Além do dispositivo legal ser claro ao referir a busca pessoal com uma finalidade probatória, exigiu fundada suspeita aferível de modo objetivo, concreto, não por meio de critérios subjetivos dos policiais, sejam quais forem, por exemplo, expertise adquirida ao longo dos anos. Proibido fica também utilizar esse instrumento com finalidade preventiva, praxe ou rotina, por meio de policiamento ostensivo, menos ainda utilizar da pesca probatória (fishing expeditions).
A denúncia anônima, outrossim, por si só, não é meio hábil para que se promova a revista pessoal, de modo que o agente policial deverá ter elementos sólidos bastantes autorizando-a, caso o contexto fático seja insuficiente para tal será necessário investigar, ainda que sumariamente.
O Min. Rogério Schietti do STJ assentou que há três razões principais para limitar a fundada suspeita em elementos objetivos e concretos, para a busca pessoal, são eles: evitar o uso excessivo desse expediente, pois restringe direitos fundamentais, como privacidade, intimidade e liberdade; garantir a sindicabilidade da abordagem, ou seja, poder controlar sua legalidade, tanto pelas partes quanto pelo judiciário; evitar práticas que reproduzem preconceitos estruturais consolidados na sociedade. (STJ, 6ª Turma, RHC 158.580-BA)

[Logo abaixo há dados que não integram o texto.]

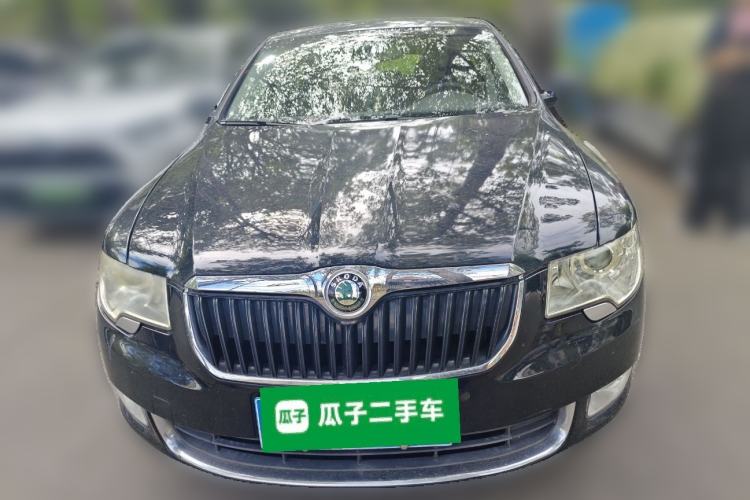 Used Skoda Superb 2009 1.8 TSI Manual Zhiya Edition Front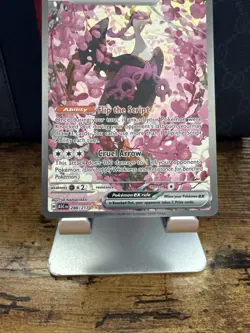 Pokemon TCG Fezandipiti ex 288/217 Special Illustration Rare Ascended Heroes - Image 3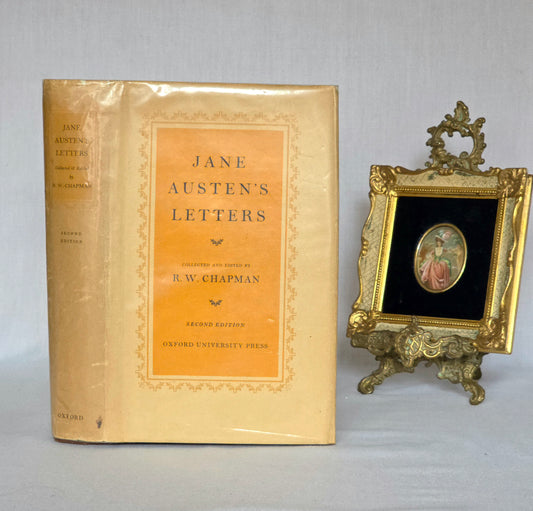 1964 Jane Austen's Letters - Comprehensive Vintage Book
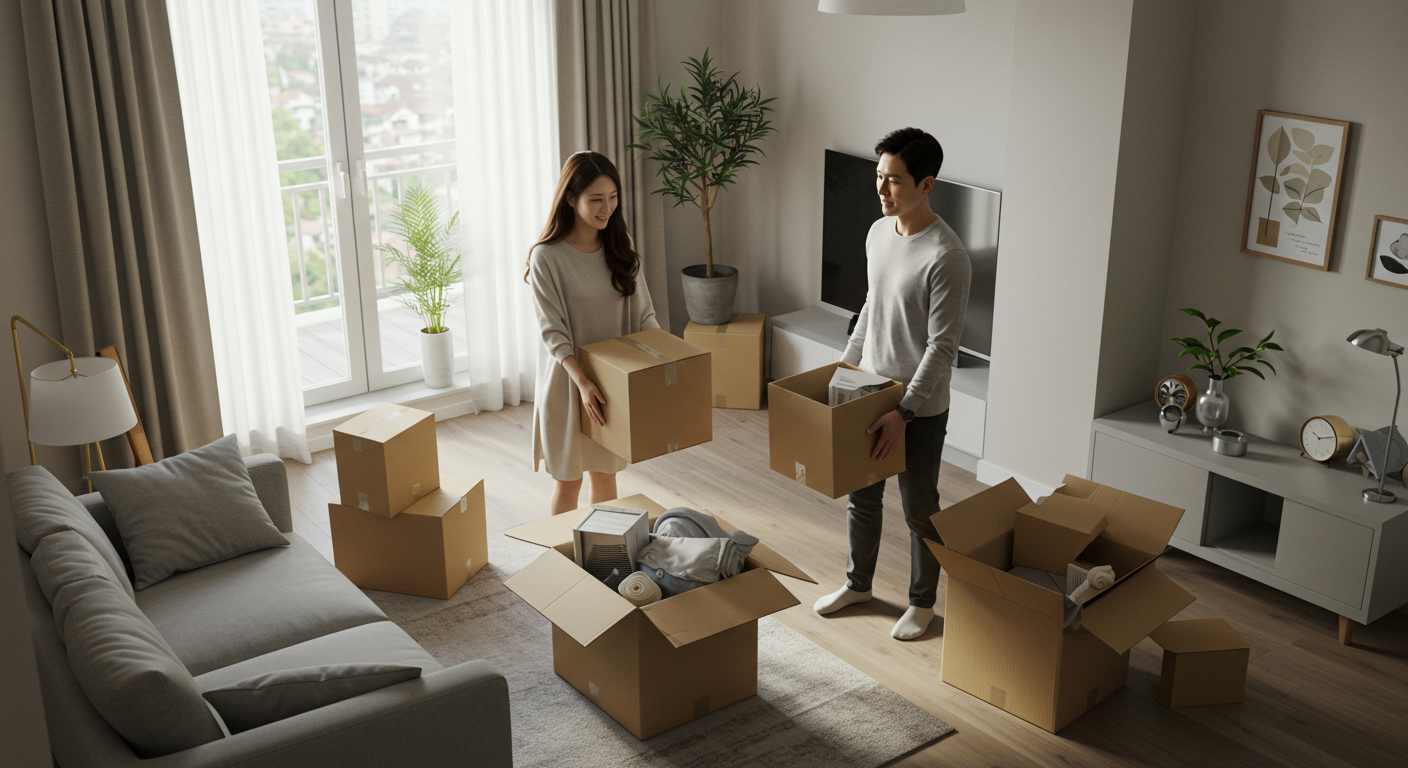 5톤 포장이사 비용 총정리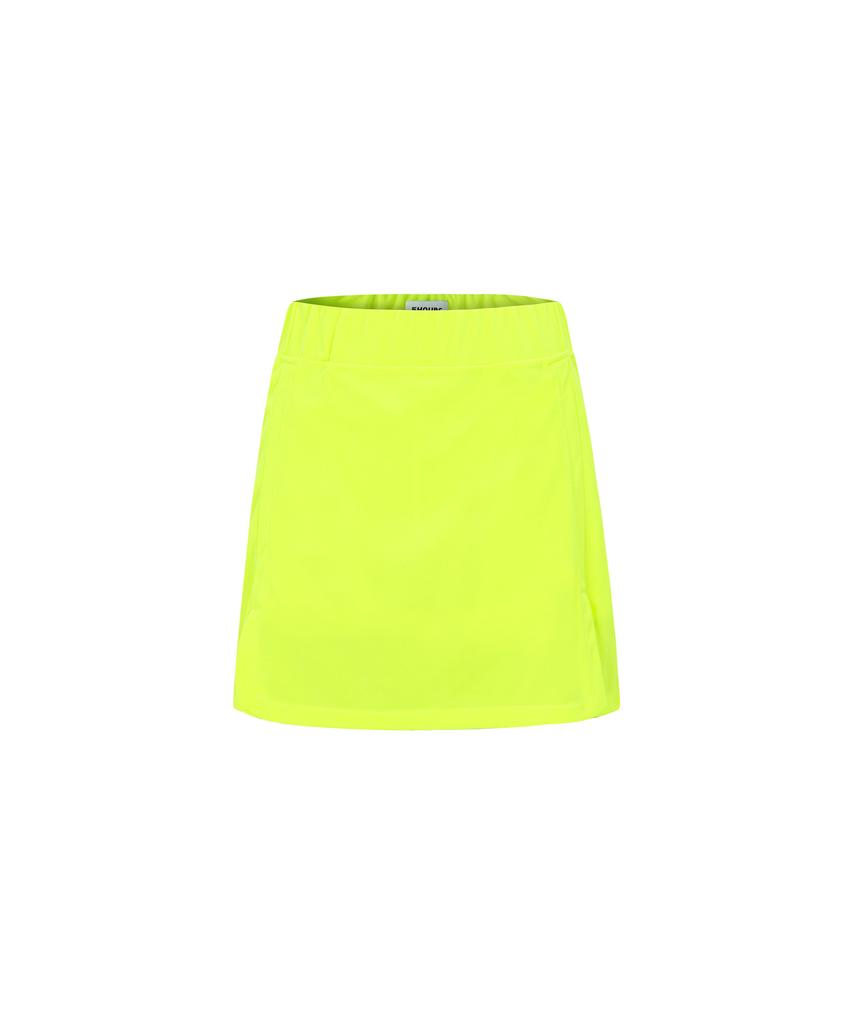 Five Hours Tour Slit Skort_Neon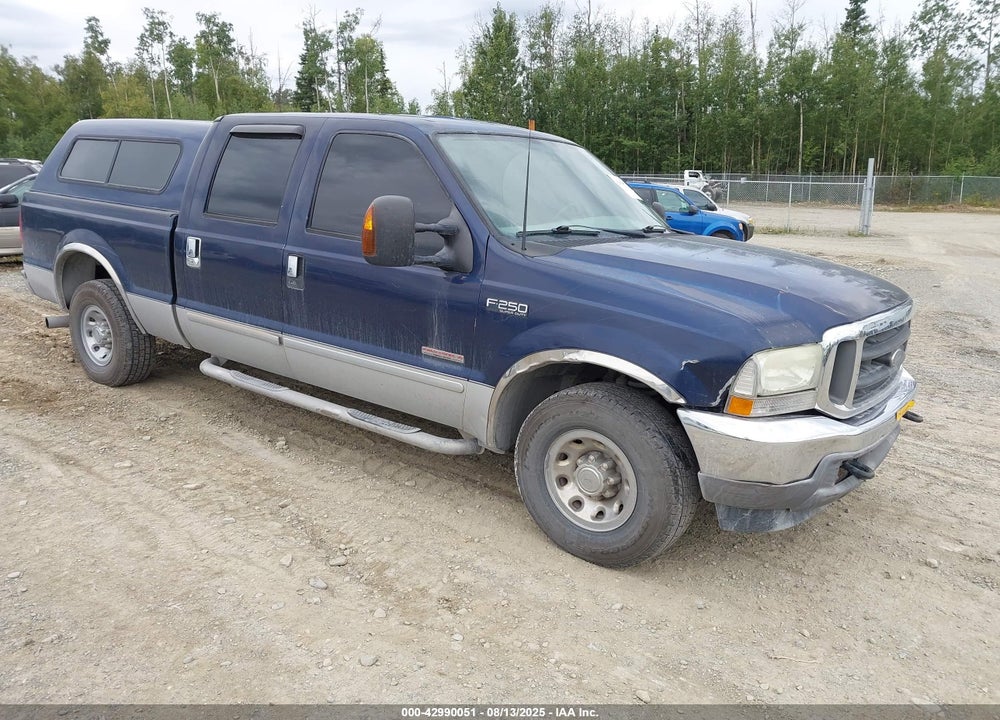 2003 FORD F-250 LARIAT/XL/XLT VIN: 1FTNW20PX3EC39186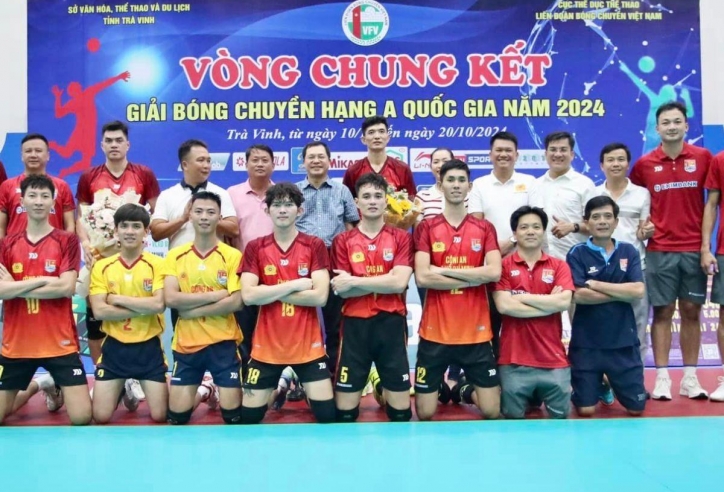 Xác định các đội dự vòng knock-out giải bóng chuyền hạng A quốc gia 2024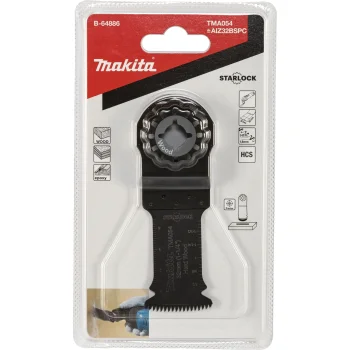 Makita B-64886 Plunge Cut Saw Blade 32mm Starlock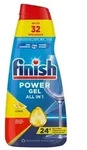 Sp&uuml;lmaschinenreiniger finish Power Gel Citrus 650 ml Fl&uuml;ssigreiniger mit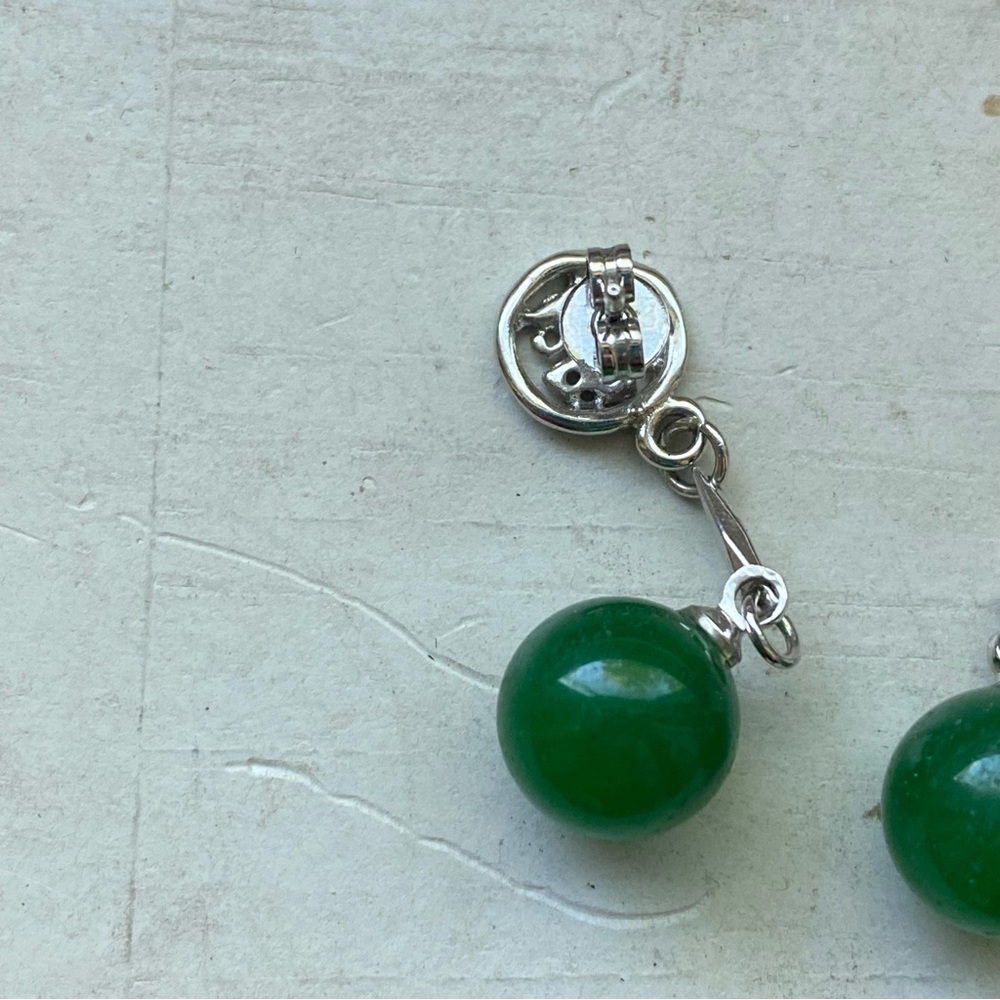 Jade Earrings - image 6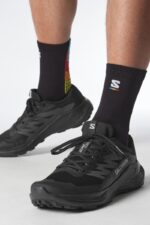 Salomon Ανδρικά Παπούτσια Alphaglide Ορεινού Τρεξίματος 479483 Μαύρα - Image 2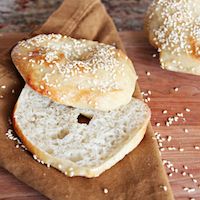 Sesame Seed Bagels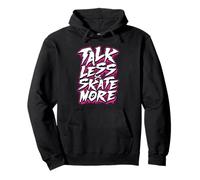 Talk Less Skate More Pullover Hoodie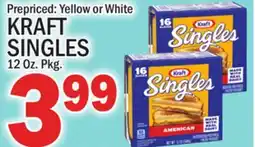 C Town KRAFT SINGLES offer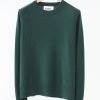 Knitwear Corridor | Cashmerecrewneck-Green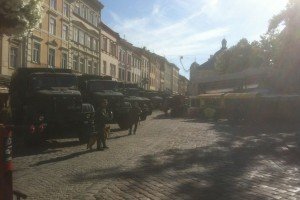 У Львові міськраду оточила поліція та Нацгвардія
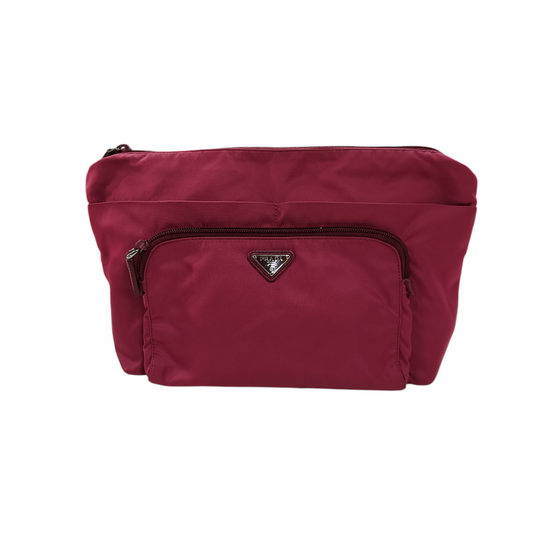 PRADA POUCH PURPLE 42 1N1575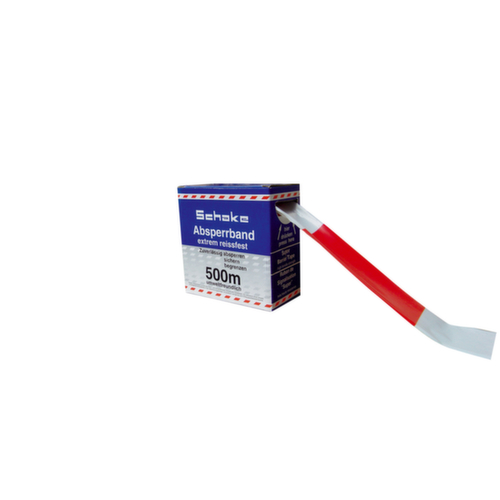 Schake Barrier tape in dispenser box, length x width 500 x 80 mm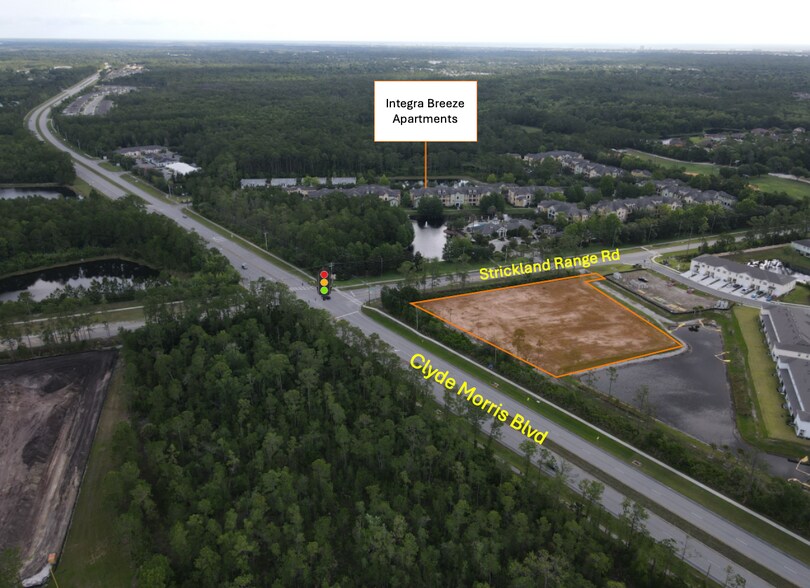 Primary Photo Of SEC Clyde Morris Blvd & Strickland Range Rd, Daytona Beach Land For Sale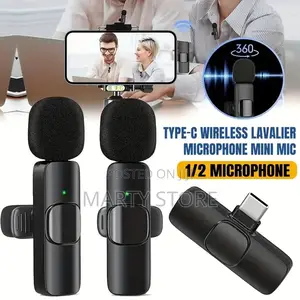 Wireless Microphone Dual -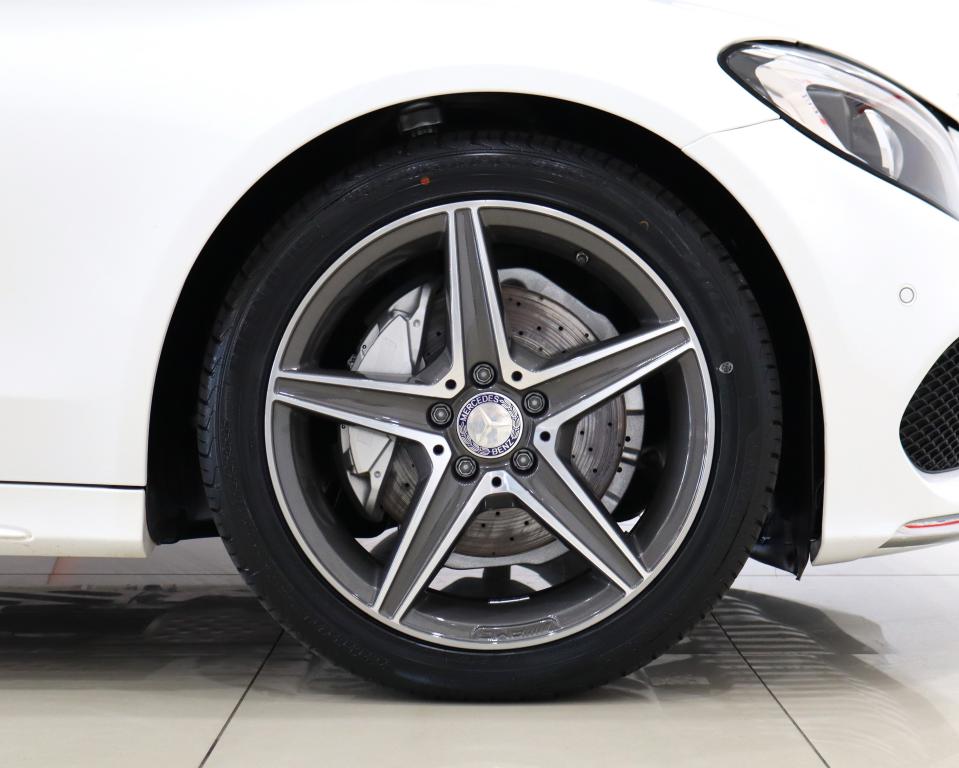 2017 Mercedes-Benz C-Class C200 AMG Line Auto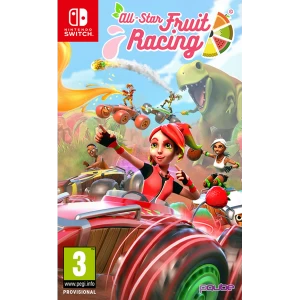 All Star Fruit Racing Nintendo Switch Game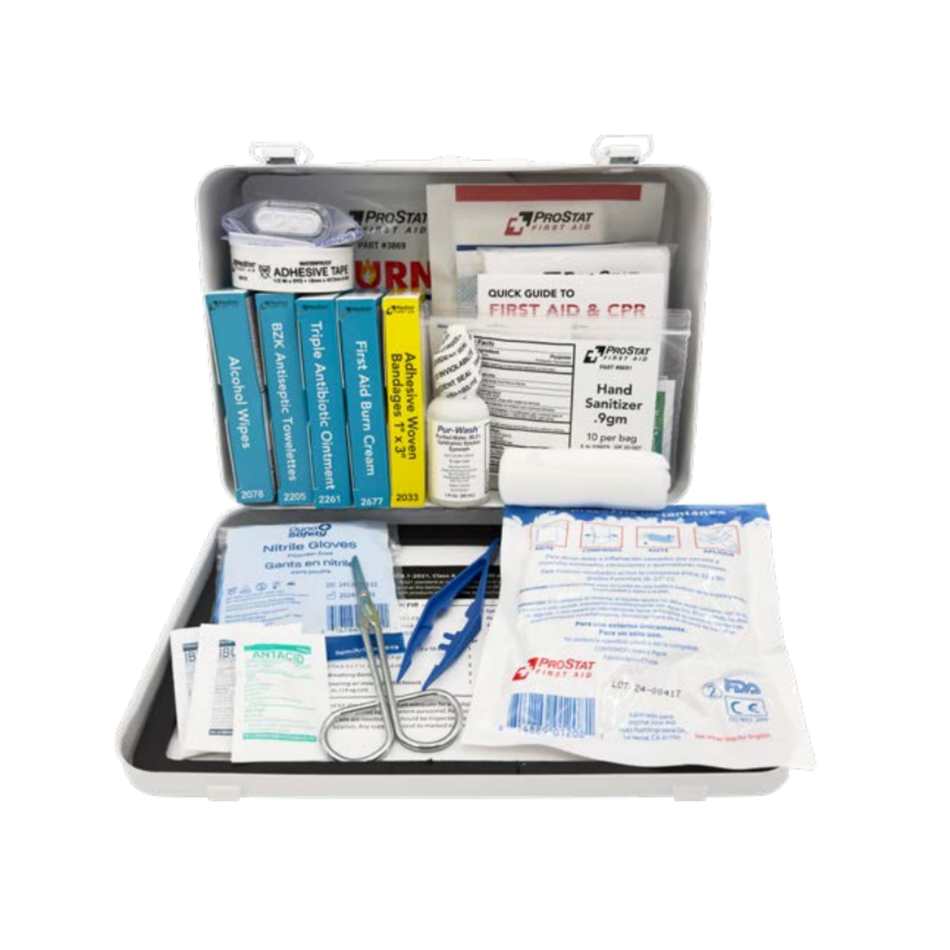 Class A Steel Vehicle First Aid Kit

A decisão exposta asseverou que a cada cem pessoas submetidas a busca pessoal apenas uma é autuada por alguma ilegalidade. Evidente o caráter contraproducente do seu uso indiscriminado pela polícia, além da falta de controle dos órgãos responsáveis pela fiscalização da atividade policial. Portanto, o delegado de polícia, o Ministério Público e parte do Poder Judiciário têm responsabilidades direta pelos abusos cometidos pela polícia quando do policiamento ostensivo pratica a revista nas pessoas desarrazoadamente.
A pessoa vítima de abordagens ilegais e desarrazoadas não pode continuar a sofrer punições, como as são, por demonstrar certo nervosismo ao avistar policiais, por estar desse ou daquele modo de vestimenta, bem como por ter tatuagens, cor da pele preta, cabelos crespos, morar em periferia etc., sem qualquer dado concreto que a relaciona direto com atividade criminosa.
A fundada suspeita, segundo o professor Aury Lopes, tem um conteúdo vago e impreciso, decorrente de um Código autoritário de 1941, sendo imprescindível uma mudança legislativa para corrigir as distorções, uma vez que o preenchimento de seu conteúdo nada mais é do que pura ilação teórica, na prática, ficando os policiais abordando quem e quando quiserem. (LOPES Jr., Aury, Direito processual penal- 15. Ed. – São Paulo: Saraiva Educação, 2018. p. 528.)
A revista pessoal vem tendo um olhar mais agudo pelo Poder Judiciário, principalmente do STJ, por meio das suas turmas com competência criminal – 5ª e 6ª-, justamente para frear os abusos. No entanto, a própria população, parte dela, até mesmo atores jurídicos, mostram-se contrários, principalmente quando a partir da revista se encontra algum elemento de prova, como drogas. Mas o fato de se encontrar drogas, eventualmente, não torna a conduta legal se não há base justa e concreta a corroborar a fundada suspeita antes. Em outras palavras, a revista pessoal é legal e as provas encontradas lícitas quando um dado objetivo antes é claro e visível, podendo ser indicado pelos policiais e fiscalizado a posteriori pelas agências de controle.